С драконьей шеи на землю соскользнула небольшая гибкая фигурка. Недавний беглец при звуке знакомого голоса вздрогнул и пригляделся.
— Санди! Да мы ж тебя похоронили!
Меч с размаху был всажен в землю и там забыт, пока Брик от полноты чувств в медвежьем объятии крушил ребра приятеля.
— Ты теперь драконов разводишь?
— Нет, я беру их на перевоспитание.
Это точно был Санди. Загоревший и, кажется, даже чуть-чуть подросший, с тем же безмятежным светлым взглядом уверенного в себе человека, мокрый до последней нитки, но ничуть по этому поводу не комплексовавший.
— Ты изменился, Брик, — сказал он.
Улыбка на лице Брика стала медленно таять. Это верно. Лишь увидев совершенно прежнего Санди, он осознал, как изменился и повзрослел он сам. Витать в облаках — в переносном, а теперь и в буквальном смысле — это было для Санди, а Брик еще тверже встал обеими ногами на землю. И в предчувствии проблем он сказал, не отводя глаз и стыдясь неловкости в голосе:
— Мою жену ты, кажется, знаешь.
— С возвращением! — протянул за их спинами ехидный голосок.
Оба обернулись. Дигэ, уперев руки в бока, стояла перед драконом, как хозяйка перед набедокурившим котом.
— А-а, — сказала она голосом, не предвещавшим драконьему отродью ничего хорошего, — звероящер!
— Сверчок! — торопливо окликнул Санди своего домашнего любимца. — Будешь хамить леди — пну в нос.
— Не надо, — сказал Сверчок. — В нос — не надо.
И только теперь Санди обернулся к Дигэ, будто до этого собирался с духом.

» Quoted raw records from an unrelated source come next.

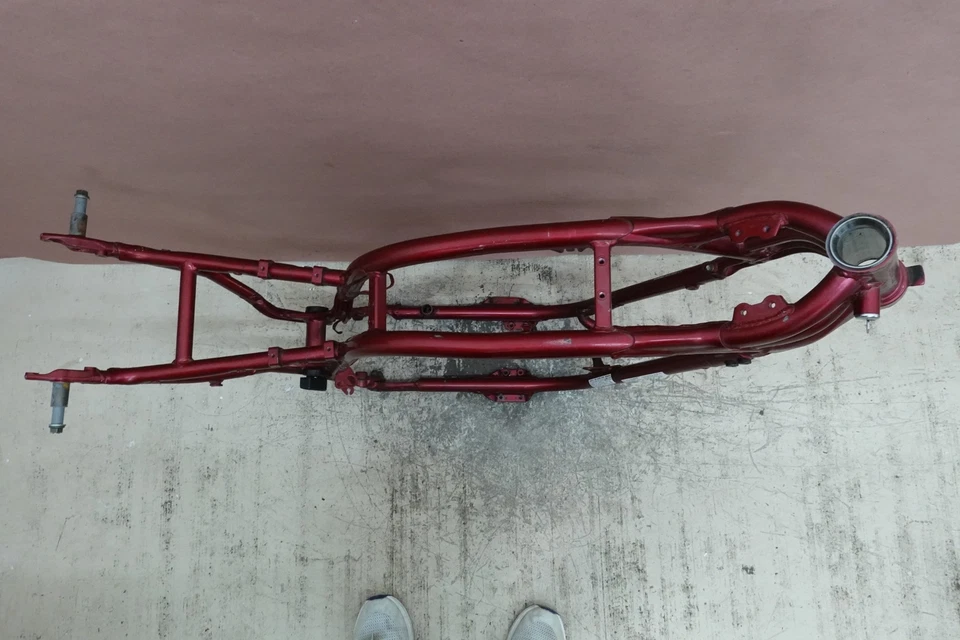 1992-2009 Suzuki Intruder 800 VS800 Boulevard S50 chassi quadro principal - Imagem 3 de 4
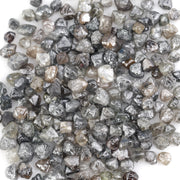 25.08 ct mix color natural raw diamond stone for handmade jewelry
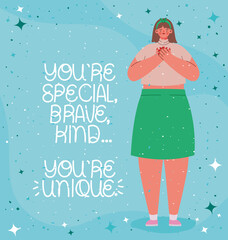 design of women day card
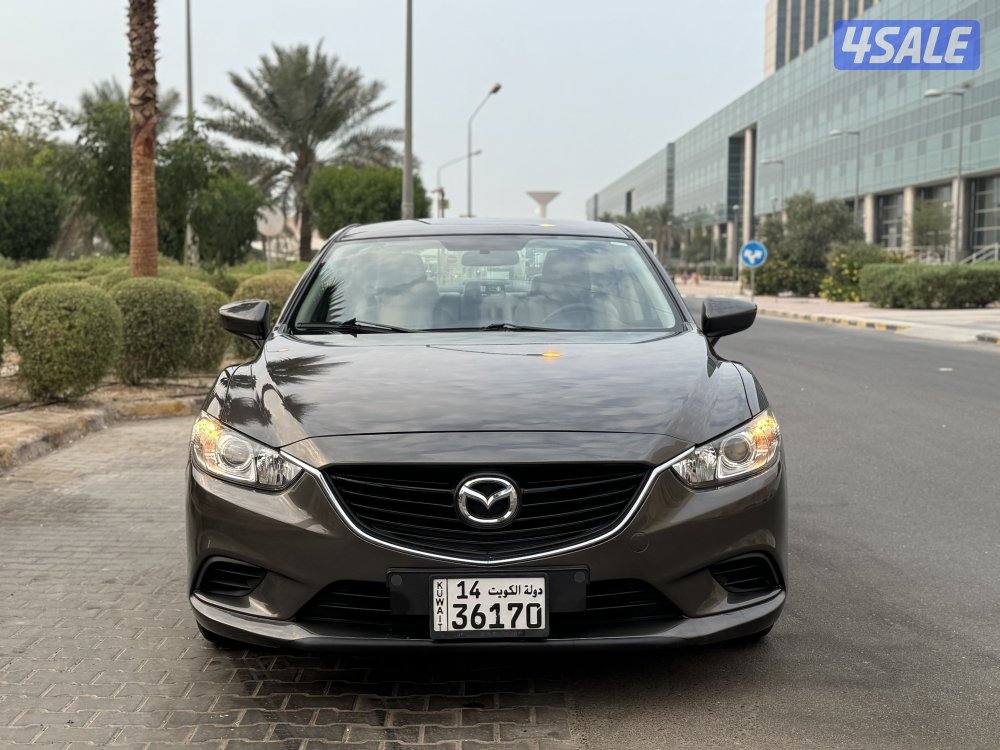 مازدا 6 موديل 2016 عداد 84 الف بحاله الوكاله2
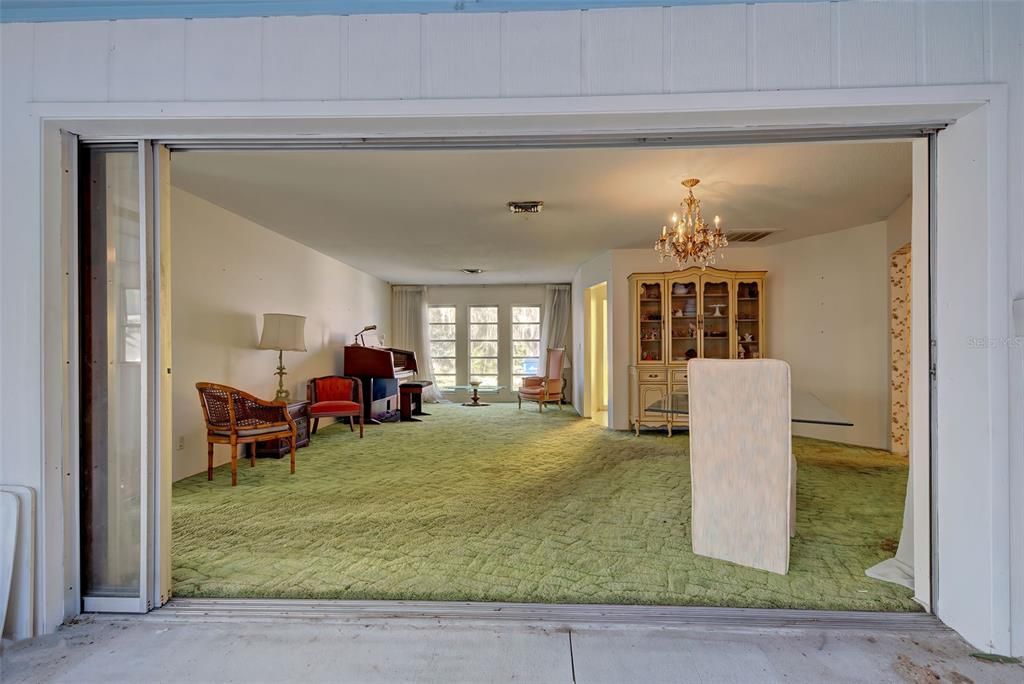 Living Room from the Lanai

— Брик очень много и хорошо говорил о вас… о тебе, — сказала она, глядя на него с некоторой растерянностью и изрядной долей любопытства. — Он очень переживал. Не могу высказать, как я рада, что моя свобода не стоила тебе жизни.
Она понимала, что ситуация создалась чудовищно неловкая для Брика, но за себя не могла и не хотела испытывать неловкость. Брика, которого полюбила, она встретила первым, и с ним ее связывало больше, чем с этим странным парнишкой. Странным — потому что способность к бескорыстному подвигу есть странность, которую она не могла понять, но все же видела, что он смотрит на нее дружелюбно и ничуть не претендует на какие-то заслуги в том, уже давнем деле. Союз ее и Брика, кажется, не стал для него ударом, а значит, какие бы чувства он к ней ни испытывал, их, по-видимому, нельзя было назвать любовью.